Je suis encore de votre avis sur les guerres littéraires; mais vous m'avouerez que, dans toute guerre, l'agresseur seul a tort devant dieu et devant les hommes. La patience m'a échappé au bout de quarante années; j'ai donné quelques petits coups de patte à mes ennemis pour leur faire sentir que, malgré mes soixante-sept ans, je ne suis pas paralytique. Vous vous y êtes pris de meilleure heure que moi; vous avez fait des estafilades à des gens qui ne vous attaquaient pas, et malheureusement je suis l'ami de quelques personnes à qui vous avez fait sentir vos griffes. Je me suis donc trouvé entre vous et mes amis que vous déchirez; vous sentez que vous me mettiez dans une situation très désagréable: j'avais été touché de la visite que vous m'aviez faite aux Délices; j'avais conçu beaucoup d'amitié pour vous et pour m. Patu avec qui vous aviez fait le voyage, et mes sentiments partagés entre vous et lui se réunissaient pour vous après sa mort. Vos lettres m'avaient beaucoup plu; je m'intéressais à vos succès, à votre fortune; votre commerce, qui m'était très agréable, a fini par m'attirer les reproches les plus vifs de la part de mes amis.
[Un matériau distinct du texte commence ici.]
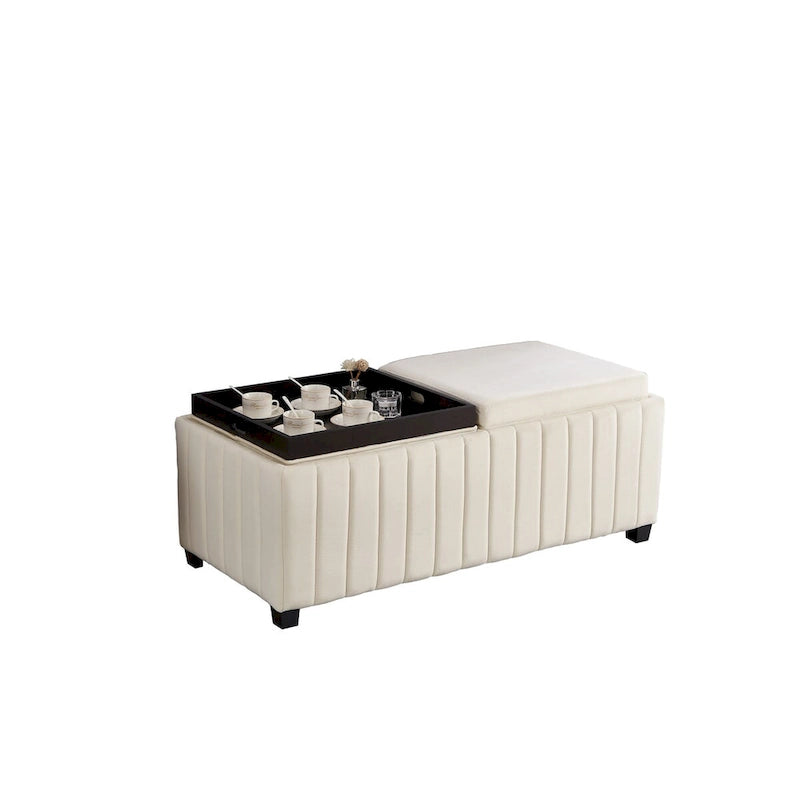 Banc de rangement avec plateau à café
Ils se sont plaints de ma correspondance avec un homme qui les outrageait. Pour comble de désagrément, on m'a envoyé des notes imprimées en marge de vos lettres. Ces notes sont de la plus grande dureté.

Vous ne devez pas être étonné que des esprits offensés ne ménagent pas l'offenseur. Cette guerre avilit les lettres; elles étaient déjà assez méprisées et assez persécutées par la plupart des hommes qui ne connaissent que la fortune. Il est très mal que ceux qui devraient être unis par leur goût et leur sentiment, se déchirent comme s'ils étaient des jansénistes et des molinistes. De petits scélérats en robe noire ont opprimé des gens de lettres, parce qu'ils osaient en être jaloux. Tout homme qui pense devait s'élever contre ces fanatiques hypocrites. Ils méritent d'être rendus exécrables à leur siècle et à la postérité. Jugez combien je dois être affligé que vous ayez combattu sous leurs étendards!
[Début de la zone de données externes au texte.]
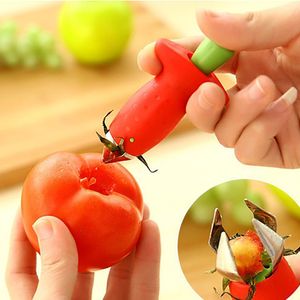 Hullers Metaal Plastic Fruitblad Gadget Tomatenstelen Aardbeienmes Stem Remover Keuken Kookgereedschap TLY024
Ce qui me console, c'est qu'enfin on rend justice. L'Académie entière a été indignée du discours de Le Franc; vous auriez pu un jour être de l'Académie, si vous n'aviez pas insulté publiquement deux de ses membres sur le théâtre. Vous savez que nos amis nous abandonnent aisément, et que les ennemis sont implacables.

Toute cette aventure m'a ôté ma gaieté, et ne me laisse avec vous que des regrets. Pompignan et Fréron m'amusaient, et vous m'avez contristé.

Tout malingre que je suis, je prends la plume pour vous dire que je ne me consolerai jamais de cette aventure qui fait tant de tort aux lettres; que les lettres sont un métier devenu avilissant, abominable, et que je suis fâché de vous avoir aimé et elles aussi.